Appellant contends that in making the proof last mentioned appellee’s witnesses were permitted to state conclusions and that this was error. In the main these criticisms are not justified by the state of the record. The witnesses referred to were permitted to testify whether they had ever read the bill of lading; whether they at that time knew v#hat provisions and conditions were contained in the printed part of the bill of lading; whether they had any talk with any agent of appellant concerning the terms and conditions .of the bill of lading; and whether their attention had ever, up to the time of the loss, been called to the conditions and limitations in the bill of lading. All these and such like inquiries and the answers thereto were proper and they showed that none of these officers and agents of appellee had ever read the bill of lading, or had any knowledge of its printed part where these limitations were set out in fine print, and that they had no conversation with any agent of appellant on the subject of these limitations. If the single question to a single witness, whether he ever assented or agreed. with appellant’s agents that appellee should be bound by the terms and conditions in the bill of lading, be regarded as improperly calling for a conclusion, nevertheless appellant could not be injured by the answer, because that conclusion was the only one that could be drawn from the evidence already given. We therefore conclude that the jury were warranted in finding that the proof did not show that appellee had consented to these limitations upon its liability and, therefore, that appellant was subject to the common law liability of a common carrier, which is that of an insurer.
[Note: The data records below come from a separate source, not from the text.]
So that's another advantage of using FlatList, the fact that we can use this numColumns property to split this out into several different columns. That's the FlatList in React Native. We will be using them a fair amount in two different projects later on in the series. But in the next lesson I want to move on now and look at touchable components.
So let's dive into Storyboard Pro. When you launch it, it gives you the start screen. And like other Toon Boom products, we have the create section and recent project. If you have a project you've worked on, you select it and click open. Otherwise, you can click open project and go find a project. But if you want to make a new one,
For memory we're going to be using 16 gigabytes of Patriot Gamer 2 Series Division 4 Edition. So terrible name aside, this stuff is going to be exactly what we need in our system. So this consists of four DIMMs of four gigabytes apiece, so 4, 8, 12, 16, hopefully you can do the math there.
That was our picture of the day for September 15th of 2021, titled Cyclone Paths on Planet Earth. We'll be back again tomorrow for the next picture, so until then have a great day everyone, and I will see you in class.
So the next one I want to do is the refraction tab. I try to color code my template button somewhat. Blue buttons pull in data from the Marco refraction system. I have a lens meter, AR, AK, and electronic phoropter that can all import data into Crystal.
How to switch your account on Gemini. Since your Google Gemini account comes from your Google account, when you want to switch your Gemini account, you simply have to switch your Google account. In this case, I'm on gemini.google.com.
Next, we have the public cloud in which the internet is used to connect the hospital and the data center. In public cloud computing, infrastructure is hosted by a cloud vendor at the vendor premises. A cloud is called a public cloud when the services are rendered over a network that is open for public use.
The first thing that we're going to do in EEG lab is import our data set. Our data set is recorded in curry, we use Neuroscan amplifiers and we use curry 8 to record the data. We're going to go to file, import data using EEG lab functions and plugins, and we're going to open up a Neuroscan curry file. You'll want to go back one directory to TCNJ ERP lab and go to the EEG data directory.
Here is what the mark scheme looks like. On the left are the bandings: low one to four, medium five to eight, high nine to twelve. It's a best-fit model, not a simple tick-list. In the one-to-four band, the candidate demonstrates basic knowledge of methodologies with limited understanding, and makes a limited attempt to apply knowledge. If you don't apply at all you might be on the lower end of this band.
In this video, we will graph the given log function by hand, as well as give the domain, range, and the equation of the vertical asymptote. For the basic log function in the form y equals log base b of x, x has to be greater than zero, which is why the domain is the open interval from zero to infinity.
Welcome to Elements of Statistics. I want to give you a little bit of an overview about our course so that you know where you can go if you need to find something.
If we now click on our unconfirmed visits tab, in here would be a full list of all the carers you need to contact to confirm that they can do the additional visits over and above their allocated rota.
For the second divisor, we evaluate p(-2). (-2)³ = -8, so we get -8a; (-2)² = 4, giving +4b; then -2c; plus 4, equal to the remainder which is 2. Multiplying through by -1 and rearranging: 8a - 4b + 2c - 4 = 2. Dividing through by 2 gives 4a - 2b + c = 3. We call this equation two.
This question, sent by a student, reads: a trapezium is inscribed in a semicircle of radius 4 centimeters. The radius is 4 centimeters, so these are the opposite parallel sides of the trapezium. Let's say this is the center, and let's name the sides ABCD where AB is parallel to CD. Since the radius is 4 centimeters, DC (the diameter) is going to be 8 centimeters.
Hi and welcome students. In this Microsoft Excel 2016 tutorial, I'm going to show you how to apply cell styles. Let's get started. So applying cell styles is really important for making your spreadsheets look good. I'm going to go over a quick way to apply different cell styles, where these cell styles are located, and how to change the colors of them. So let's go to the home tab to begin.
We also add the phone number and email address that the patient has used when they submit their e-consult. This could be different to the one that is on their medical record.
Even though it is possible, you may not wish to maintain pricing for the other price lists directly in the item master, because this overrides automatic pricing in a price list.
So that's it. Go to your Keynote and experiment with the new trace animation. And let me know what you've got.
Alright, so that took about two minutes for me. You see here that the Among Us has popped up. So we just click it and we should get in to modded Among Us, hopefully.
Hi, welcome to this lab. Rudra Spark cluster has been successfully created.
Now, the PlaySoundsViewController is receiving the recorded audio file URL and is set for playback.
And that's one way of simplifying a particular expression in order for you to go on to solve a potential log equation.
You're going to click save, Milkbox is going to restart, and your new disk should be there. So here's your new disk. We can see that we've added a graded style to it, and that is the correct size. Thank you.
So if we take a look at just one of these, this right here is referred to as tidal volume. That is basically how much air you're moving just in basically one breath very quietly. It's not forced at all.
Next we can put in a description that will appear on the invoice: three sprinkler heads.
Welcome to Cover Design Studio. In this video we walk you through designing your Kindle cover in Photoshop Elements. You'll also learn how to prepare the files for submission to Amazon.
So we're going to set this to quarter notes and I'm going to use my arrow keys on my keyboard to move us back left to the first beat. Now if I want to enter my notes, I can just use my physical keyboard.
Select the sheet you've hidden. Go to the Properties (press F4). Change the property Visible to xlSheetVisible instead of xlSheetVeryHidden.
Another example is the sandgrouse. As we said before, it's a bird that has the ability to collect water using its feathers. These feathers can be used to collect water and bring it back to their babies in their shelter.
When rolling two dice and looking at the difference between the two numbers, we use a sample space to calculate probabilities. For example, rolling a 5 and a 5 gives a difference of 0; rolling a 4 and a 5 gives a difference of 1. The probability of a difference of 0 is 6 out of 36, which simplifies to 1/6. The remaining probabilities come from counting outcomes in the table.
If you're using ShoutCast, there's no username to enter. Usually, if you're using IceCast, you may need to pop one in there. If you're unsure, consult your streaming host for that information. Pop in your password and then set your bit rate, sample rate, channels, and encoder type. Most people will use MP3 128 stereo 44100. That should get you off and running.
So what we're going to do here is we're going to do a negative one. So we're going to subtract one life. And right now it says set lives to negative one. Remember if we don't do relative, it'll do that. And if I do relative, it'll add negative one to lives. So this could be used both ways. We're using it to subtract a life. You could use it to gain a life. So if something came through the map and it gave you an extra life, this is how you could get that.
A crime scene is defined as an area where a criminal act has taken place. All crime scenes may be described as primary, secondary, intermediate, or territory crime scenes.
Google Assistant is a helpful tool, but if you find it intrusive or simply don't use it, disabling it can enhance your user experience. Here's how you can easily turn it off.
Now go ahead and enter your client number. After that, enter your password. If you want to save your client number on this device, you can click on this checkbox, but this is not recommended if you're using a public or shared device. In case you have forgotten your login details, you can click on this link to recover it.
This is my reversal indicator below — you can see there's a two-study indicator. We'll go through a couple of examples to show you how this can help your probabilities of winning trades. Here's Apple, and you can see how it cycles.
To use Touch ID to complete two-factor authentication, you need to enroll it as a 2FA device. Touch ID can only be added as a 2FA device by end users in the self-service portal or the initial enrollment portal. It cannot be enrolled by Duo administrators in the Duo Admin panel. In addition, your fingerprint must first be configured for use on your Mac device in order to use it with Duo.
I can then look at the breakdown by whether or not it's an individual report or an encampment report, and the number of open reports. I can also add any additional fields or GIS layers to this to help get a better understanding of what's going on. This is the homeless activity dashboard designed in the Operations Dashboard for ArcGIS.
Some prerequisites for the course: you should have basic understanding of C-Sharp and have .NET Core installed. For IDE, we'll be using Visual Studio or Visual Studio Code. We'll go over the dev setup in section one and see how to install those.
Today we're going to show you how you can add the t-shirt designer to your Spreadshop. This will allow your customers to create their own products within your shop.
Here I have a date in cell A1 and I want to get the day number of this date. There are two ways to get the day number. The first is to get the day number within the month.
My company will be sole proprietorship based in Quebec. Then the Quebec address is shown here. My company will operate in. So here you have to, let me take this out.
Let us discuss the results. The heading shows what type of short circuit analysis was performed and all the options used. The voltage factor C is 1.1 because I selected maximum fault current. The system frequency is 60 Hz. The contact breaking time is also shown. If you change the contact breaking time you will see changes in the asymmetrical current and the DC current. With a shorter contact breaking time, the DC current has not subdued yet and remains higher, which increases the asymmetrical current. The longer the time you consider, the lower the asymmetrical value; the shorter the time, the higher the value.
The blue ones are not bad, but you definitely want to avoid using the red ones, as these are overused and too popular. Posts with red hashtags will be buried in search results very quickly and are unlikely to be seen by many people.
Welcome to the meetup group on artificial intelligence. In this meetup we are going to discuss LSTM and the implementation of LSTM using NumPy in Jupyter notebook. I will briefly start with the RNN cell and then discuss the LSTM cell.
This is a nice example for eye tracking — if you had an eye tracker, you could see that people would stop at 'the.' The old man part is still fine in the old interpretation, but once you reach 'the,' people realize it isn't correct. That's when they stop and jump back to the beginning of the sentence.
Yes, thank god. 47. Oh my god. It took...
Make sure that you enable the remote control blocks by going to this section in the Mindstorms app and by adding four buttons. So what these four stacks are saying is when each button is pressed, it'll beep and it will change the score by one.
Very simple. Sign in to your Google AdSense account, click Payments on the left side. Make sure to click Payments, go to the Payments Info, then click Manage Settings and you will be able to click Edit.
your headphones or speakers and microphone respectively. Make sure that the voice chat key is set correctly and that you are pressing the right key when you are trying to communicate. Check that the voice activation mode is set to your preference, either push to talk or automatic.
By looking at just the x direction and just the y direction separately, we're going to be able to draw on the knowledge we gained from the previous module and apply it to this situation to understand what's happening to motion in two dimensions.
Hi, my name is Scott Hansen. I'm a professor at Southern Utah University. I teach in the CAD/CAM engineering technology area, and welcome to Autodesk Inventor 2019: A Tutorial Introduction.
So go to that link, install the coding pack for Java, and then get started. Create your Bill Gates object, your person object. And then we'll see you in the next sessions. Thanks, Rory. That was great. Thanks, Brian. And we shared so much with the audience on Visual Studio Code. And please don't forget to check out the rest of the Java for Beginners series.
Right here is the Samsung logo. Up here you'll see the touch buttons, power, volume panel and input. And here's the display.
Appellee argues that in view of the shipping ticket which appellee delivered to appellant with the goods, and which described, not a carload lot, but a given number of packages, to be delivered to a certain destination, and of the fact that the bill of lading did not specify any other carrier over whose lines the goods were to be transported, the restrictions contained in the bill of lading could not in any event apply to these goods, but that even if the proofs had shown that these limitations liad been assented to by appellee, still the bill of lading bound appellant to deliver the goods to the consignee at the destination indicated, and that if appellant delivered the goods to other carriers, it made them its agents to deliver the goods at the destination. In view of our conclusion already stated, we think it unnecessary to determine the correctness of this position.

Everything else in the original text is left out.